There is a continuing demand for improved internal combustion engines in terms of performance, fuel efficiency and pollution, and one of the significant components in achieving these sometimes conflicting improved performances is the carburation. Some carburetor designs which are satisfactory during normal operation encounter problems with cold starting of the engine. One conventional approach to improved cold starting is to enrich the air-fuel mixture during starting, and this has been accomplished by various means in past designs. One object of the present invention is to provide a new and improved cold starting carburetor and in particular, a carburetor design which has improved cold starting while being simple and reliable. A further object is to provide a carburetor utilizing a pre-mix air supply to the fuel nozzle, with the amount of air supplied being varied during normal operation of the engine, and with this pre-mix air supply being shut off for cold starting. An additional object is to provide such a carburetor in which the duration of the cold start function is determined by a timing operation rather than by engine operation.
In present carburetor designs, such as that shown in the aforesaid U.S. Pat. No. 4,298,549, a valve member moves to control flow of fuel to the fuel nozzle of the carburetor. In order to maintain the engine running during idling, a bypass passage is provided through the valve member so that there is always a small and predetermined flow of fuel for idling. However, the amount of fuel flow required for idle varies with different engine sizes and when a carburetor utilizes a bypass passage in the fuel valve member, different members with different size passages have to be provided for different engine sizes. Accordingly, it is another object of the present invention to provide a fuel valve with adjustable idle bypass passage, permitting use of a single carburetor with various engine sizes.
These and other objects, advantages, features and results will more fully appear in the course of the following description.

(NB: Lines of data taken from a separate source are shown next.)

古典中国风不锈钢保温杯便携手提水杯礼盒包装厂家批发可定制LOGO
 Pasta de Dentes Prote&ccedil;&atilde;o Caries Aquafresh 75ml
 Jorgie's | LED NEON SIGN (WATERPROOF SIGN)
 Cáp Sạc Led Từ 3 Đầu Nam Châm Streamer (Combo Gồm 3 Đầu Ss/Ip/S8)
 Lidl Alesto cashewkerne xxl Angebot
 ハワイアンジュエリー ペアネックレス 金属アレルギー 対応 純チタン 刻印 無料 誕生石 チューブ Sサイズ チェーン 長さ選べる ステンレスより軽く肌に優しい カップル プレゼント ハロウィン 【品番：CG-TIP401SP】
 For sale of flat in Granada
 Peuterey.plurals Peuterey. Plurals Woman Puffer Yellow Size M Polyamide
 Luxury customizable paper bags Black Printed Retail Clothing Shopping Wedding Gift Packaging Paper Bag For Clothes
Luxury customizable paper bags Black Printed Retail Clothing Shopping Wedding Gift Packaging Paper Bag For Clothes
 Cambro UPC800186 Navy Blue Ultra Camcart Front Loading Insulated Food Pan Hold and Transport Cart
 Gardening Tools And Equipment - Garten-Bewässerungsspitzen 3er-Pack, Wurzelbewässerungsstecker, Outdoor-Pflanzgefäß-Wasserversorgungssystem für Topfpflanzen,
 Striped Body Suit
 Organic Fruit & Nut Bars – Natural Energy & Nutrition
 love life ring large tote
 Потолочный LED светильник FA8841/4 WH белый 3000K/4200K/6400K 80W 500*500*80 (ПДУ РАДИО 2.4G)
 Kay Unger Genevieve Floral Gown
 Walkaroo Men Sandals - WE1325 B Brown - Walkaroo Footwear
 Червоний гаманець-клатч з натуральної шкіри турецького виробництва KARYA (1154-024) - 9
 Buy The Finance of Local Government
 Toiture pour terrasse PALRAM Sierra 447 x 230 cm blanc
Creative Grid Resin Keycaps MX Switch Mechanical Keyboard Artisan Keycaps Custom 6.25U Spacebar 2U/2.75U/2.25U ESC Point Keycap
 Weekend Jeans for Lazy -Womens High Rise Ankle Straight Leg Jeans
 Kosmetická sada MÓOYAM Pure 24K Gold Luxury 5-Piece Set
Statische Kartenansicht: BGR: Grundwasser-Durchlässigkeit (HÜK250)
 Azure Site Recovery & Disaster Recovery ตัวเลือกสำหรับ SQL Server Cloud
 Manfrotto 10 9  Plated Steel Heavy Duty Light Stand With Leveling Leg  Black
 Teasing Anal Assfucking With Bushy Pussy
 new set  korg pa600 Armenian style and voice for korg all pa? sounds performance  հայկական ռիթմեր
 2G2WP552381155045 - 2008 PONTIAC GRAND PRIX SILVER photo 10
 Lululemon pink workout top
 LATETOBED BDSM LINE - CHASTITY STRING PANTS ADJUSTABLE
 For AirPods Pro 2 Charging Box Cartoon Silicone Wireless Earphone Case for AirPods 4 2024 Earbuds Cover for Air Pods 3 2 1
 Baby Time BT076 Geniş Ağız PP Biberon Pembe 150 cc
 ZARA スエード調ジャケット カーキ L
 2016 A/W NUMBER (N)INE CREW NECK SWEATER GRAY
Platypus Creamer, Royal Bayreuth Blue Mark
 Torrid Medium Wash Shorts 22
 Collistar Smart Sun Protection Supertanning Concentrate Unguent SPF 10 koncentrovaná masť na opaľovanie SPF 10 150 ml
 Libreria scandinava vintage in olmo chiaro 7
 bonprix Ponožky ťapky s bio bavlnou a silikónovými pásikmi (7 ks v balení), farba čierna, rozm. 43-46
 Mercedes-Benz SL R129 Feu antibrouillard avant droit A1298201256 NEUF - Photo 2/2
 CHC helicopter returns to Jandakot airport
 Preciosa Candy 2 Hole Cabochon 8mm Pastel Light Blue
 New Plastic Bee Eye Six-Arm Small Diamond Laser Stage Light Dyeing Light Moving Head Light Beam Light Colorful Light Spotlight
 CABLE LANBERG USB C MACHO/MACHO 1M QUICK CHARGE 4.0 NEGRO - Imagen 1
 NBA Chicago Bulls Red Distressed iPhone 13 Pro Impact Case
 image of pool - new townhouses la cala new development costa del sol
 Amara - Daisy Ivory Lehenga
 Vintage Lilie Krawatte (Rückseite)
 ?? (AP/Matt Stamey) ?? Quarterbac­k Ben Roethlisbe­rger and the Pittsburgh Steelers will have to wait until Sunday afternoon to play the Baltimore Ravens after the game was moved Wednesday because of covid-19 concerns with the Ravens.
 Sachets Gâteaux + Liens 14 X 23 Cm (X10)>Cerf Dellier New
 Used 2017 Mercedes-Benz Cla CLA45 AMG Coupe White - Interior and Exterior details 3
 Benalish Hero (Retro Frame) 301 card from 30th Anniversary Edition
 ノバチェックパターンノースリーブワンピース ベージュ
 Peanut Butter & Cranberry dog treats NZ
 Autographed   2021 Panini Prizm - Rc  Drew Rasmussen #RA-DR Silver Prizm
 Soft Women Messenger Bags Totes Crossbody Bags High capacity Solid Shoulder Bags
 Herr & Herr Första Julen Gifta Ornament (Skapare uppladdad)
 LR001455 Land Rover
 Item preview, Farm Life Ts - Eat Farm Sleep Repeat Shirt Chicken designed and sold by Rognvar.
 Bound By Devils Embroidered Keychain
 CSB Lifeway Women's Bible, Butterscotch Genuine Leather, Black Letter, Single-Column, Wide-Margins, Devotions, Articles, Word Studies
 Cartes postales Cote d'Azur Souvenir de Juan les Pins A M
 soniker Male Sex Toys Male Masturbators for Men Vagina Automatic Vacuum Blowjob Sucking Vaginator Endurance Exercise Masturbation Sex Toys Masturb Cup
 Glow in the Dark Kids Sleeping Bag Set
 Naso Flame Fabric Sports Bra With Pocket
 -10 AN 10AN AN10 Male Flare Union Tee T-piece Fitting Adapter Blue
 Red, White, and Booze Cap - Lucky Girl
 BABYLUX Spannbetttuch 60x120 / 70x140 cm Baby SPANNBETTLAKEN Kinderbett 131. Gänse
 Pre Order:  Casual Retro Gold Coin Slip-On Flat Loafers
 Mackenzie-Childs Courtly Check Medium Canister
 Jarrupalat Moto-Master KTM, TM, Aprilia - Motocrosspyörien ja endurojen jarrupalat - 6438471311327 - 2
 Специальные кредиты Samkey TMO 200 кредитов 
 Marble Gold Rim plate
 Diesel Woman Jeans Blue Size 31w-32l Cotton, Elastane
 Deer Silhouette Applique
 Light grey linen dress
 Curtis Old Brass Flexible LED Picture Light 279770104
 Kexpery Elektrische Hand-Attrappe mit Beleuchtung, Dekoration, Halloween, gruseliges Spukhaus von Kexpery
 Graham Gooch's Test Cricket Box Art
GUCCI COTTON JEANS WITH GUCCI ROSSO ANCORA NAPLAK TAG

The invention of the present application is intended for use with a carburetor for an internal combustion engine, with the carburetor having a throat, a first butterfly valve upstream of the throat, a second butterfly valve downstream of the throat, an outlet downstream of the second butterfly valve, a fuel nozzle in the throat, a pre-mix air supply passage providing an air flow path from the exterior of the carburetor to the fuel nozzle, a needle valve in this air flow path, a vacuum actuator for actuating the needle valve, a vacuum line connecting the outlet of the carburetor to the vacuum actuator, a fuel reservoir, another internal passage defining a fuel flow path between the fuel reservoir and the fuel nozzle, a fuel valve for controlling flow through said latter passage, a rod for the first butterfly valve and including an eccentric cam, and a cam follower lever driven by the cam for controlling the fuel valve.
One embodiment of the invention includes means for disabling the vacuum actuator to close the air flow path of the pre-mix air supply passage for a predetermined time thereby blocking flow of pre-mix air to the nozzle during starting of the engine. This may be accomplished by utilizing a heater and thermal responsive bimetal as a cold start valve. In one embodiment the cold start valve blocks the vacuum line to the vacuum actuator for a predetermined period of time determined by the length of time required for the heater to actuate the bimetal. In another embodiment, the cold start valve is mounted on the vacuum actuator and blocks air flow to the needle valve during the cold start period.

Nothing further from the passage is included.